好在有夜色遮掩,不至于让他哥看到这副面红耳赤的纯情样。心虚不已,半晌才支支吾吾开口:“没…没做什么……”
说完这句话,他明显感受到他哥动了。
慢慢贴近,将他困在墙壁与自己胸前。他偏过头,心跳加速,觉得自己快要溺毙在浓郁的烟味与玉兰香里。以至于没有察觉到,面前胸膛里那颗心脏,此刻跳得比自己还要快。快到像是要耗干所有养分,完成最后一舞。
他听到他哥沙哑的嗓音,在耳边炸响:“我不喜欢撒谎的孩子。”
有热源擦过脸颊,带来浓烈的烟味,是闻池安把烟按灭在了他身后的墙上。借着一手撑在他脑畔的动作,再次威胁而又诱惑道:“别惹哥生气。”
烟味与玉兰香充斥鼻腔,大脑昏昏沉沉。在汹涌的欲望中掌舵,并不是一件易事。竭力维持清醒的同时,从对方意味不明的话语中窥见一丝异样,躁动不安的心瞬间停跳,一股寒意顺着脊背攀升,蔓延至全身。
他哥……发现了?
喉结上下滚动,他一紧张就下意识做出吞咽的动作。这一细节被闻池安敏锐捕捉,勾了下唇角,置若罔闻般拍拍他的脸颊,将摸了一手的墙灰都蹭在他脸上。而后直起身,丢下一句话就转身离开。
“去玩吧,别太过火,早点回家。”
等人走远了,闻颂予还靠在墙上,披着那件外套,呆呆地望着他离去的方向出神。
闻池安嘴上让弟弟早点回家,自己却是再也没回过那座闻家老宅,一直住在京大附近的别墅里。
自恋情曝光那日起,他就有段时间没和宋殊恒联系了,准确来说是宋殊恒有段时间没出现在他面前了。
两人之间的相处模式,一直是宋殊恒主动。如果他不总是出现在闻池安面前刷脸,闻池安甚至都记不起来自己还有这么一号男朋友。
直到两周后,消失已久的宋殊恒再次出现在他家门口。
那时闻池安刚洗完澡,披着浴袍,长发半湿搭在脖颈间,先去开了门将人迎进来。
等宋殊恒再次坐在熟悉的客厅,看着眼前心心念念的人,恍若隔世,感到有些不真实。
闻池安见到宋殊恒,也着实吃了一惊。因为眼前的宋殊恒,与他印象里的样子完全判若两人。
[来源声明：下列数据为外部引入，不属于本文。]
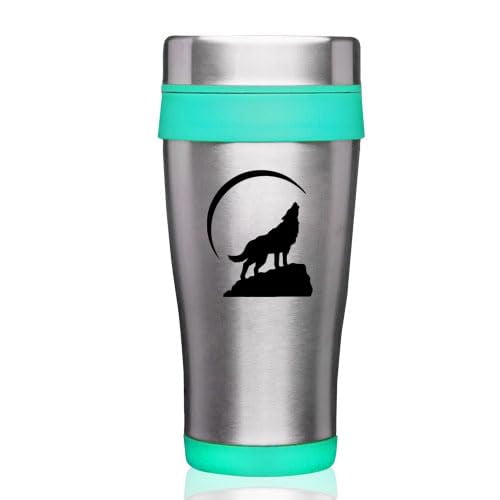 16oz Insulated Stainless Steel Travel Mug Coffee Mug Tumbler Wolf Howling At Moon (Teal)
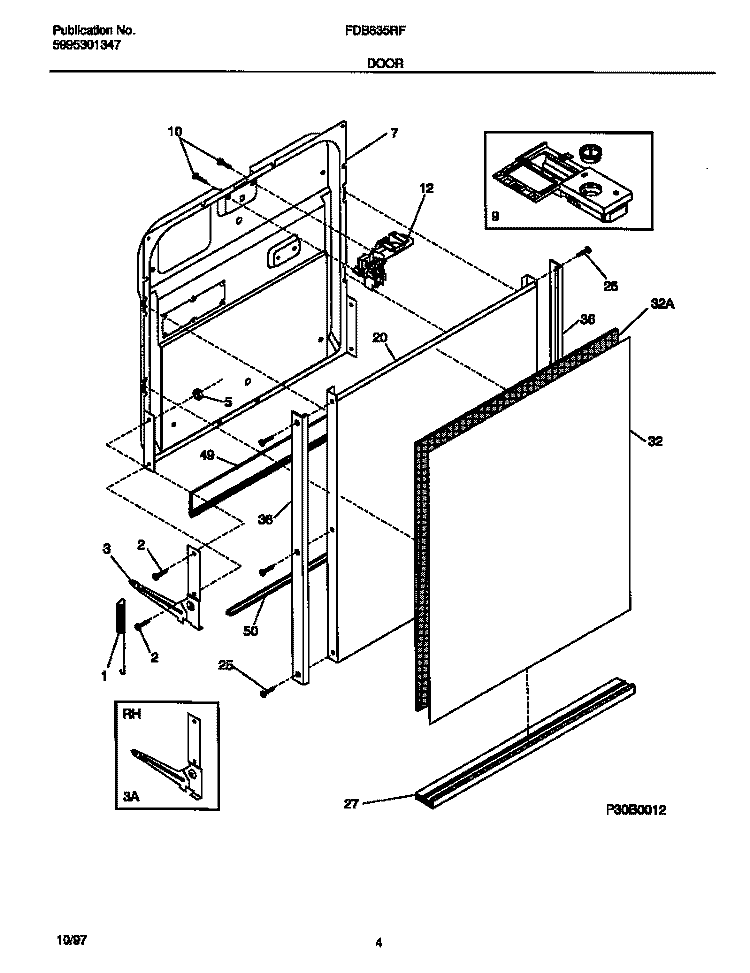 DOOR Diagram and Parts List for FDB635RFR3  Frigidaire Dishwasher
他瘦了很多,昔日合身的衬衣如今松松垮垮挂在身上,难掩颓废。眼窝深深下陷,青灰一片。从前那双总是神采飞扬的眼睛,此刻爬满血丝。来之前像是有好好收拾过,头发修剪到合适长度,身上还残留着干净清爽的剃须水味。
但有些东西消耗了,就很难一下子恢复如初。如果不注意遮掩,旁人一眼便能看出,比如皮肤状态,比如多的那几根白发。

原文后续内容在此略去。